**DATA PROVIDED**
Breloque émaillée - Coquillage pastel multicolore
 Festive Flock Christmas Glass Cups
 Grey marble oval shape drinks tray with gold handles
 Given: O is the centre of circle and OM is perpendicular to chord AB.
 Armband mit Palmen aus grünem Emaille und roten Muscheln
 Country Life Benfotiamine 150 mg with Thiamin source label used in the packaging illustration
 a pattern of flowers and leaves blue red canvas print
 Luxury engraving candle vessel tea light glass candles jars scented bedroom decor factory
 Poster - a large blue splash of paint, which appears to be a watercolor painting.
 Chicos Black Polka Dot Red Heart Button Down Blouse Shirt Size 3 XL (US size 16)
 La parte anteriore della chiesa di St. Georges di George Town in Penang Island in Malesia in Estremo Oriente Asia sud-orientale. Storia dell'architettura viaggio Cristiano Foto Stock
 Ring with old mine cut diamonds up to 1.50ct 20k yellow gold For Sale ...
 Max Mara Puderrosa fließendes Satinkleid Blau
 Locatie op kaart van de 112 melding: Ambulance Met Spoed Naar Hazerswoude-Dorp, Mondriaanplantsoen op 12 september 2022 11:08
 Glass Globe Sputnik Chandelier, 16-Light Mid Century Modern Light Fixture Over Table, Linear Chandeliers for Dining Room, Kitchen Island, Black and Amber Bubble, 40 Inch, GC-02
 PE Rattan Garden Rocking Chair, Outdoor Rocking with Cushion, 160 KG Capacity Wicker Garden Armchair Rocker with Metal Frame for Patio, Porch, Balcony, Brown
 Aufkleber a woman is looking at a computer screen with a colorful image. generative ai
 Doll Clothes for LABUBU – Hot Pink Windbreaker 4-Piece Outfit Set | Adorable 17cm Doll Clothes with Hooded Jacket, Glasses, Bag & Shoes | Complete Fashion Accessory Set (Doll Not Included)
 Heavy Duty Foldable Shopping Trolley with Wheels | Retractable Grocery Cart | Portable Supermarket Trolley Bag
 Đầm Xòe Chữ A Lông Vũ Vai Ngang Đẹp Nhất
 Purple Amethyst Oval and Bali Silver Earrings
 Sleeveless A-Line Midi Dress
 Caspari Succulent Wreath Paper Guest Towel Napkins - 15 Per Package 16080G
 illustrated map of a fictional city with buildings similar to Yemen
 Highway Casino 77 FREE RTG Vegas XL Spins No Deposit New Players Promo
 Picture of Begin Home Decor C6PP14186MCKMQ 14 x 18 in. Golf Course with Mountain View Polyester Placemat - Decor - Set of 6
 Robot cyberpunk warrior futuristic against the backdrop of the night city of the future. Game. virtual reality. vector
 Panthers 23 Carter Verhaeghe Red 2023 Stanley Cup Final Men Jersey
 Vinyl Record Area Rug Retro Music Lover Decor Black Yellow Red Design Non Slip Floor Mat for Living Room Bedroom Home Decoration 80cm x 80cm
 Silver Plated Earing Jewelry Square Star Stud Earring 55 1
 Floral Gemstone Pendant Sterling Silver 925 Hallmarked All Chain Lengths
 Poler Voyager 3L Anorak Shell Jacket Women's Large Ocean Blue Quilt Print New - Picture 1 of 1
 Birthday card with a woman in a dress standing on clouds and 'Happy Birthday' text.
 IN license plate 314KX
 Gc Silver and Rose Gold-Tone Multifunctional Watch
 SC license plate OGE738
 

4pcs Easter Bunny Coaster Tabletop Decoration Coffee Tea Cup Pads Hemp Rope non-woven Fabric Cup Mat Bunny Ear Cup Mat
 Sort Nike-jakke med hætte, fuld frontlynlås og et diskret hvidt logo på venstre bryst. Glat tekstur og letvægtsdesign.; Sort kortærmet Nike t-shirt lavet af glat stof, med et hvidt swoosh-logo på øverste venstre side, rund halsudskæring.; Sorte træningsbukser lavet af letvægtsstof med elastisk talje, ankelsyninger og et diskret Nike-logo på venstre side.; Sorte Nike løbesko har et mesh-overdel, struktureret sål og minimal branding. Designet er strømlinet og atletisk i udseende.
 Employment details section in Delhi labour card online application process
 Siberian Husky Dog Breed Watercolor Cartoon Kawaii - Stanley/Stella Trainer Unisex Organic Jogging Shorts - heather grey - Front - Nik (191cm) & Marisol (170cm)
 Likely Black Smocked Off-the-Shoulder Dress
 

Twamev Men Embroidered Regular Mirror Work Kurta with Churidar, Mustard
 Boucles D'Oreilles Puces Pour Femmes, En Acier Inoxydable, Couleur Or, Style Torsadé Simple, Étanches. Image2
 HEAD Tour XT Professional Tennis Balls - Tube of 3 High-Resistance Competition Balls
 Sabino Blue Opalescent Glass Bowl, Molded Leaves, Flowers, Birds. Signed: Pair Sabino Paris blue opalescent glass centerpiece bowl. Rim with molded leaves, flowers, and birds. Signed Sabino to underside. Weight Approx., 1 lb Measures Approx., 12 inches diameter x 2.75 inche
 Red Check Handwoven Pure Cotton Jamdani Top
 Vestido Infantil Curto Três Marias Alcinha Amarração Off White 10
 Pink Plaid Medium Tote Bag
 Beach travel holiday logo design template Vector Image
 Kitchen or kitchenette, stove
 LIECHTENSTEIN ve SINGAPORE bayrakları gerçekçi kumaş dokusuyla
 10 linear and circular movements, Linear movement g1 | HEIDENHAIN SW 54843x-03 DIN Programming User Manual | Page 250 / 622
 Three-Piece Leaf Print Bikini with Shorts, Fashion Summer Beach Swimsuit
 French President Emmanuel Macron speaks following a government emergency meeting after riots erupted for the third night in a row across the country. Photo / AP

**PROBLEM**
Copy exactly, and only, the lines from the line that contains "Kitchen or kitchenette, stove" through the end of the data above.

**RESPONSE**
 Kitchen or kitchenette, stove
 LIECHTENSTEIN ve SINGAPORE bayrakları gerçekçi kumaş dokusuyla
 10 linear and circular movements, Linear movement g1 | HEIDENHAIN SW 54843x-03 DIN Programming User Manual | Page 250 / 622
 Three-Piece Leaf Print Bikini with Shorts, Fashion Summer Beach Swimsuit
 French President Emmanuel Macron speaks following a government emergency meeting after riots erupted for the third night in a row across the country. Photo / AP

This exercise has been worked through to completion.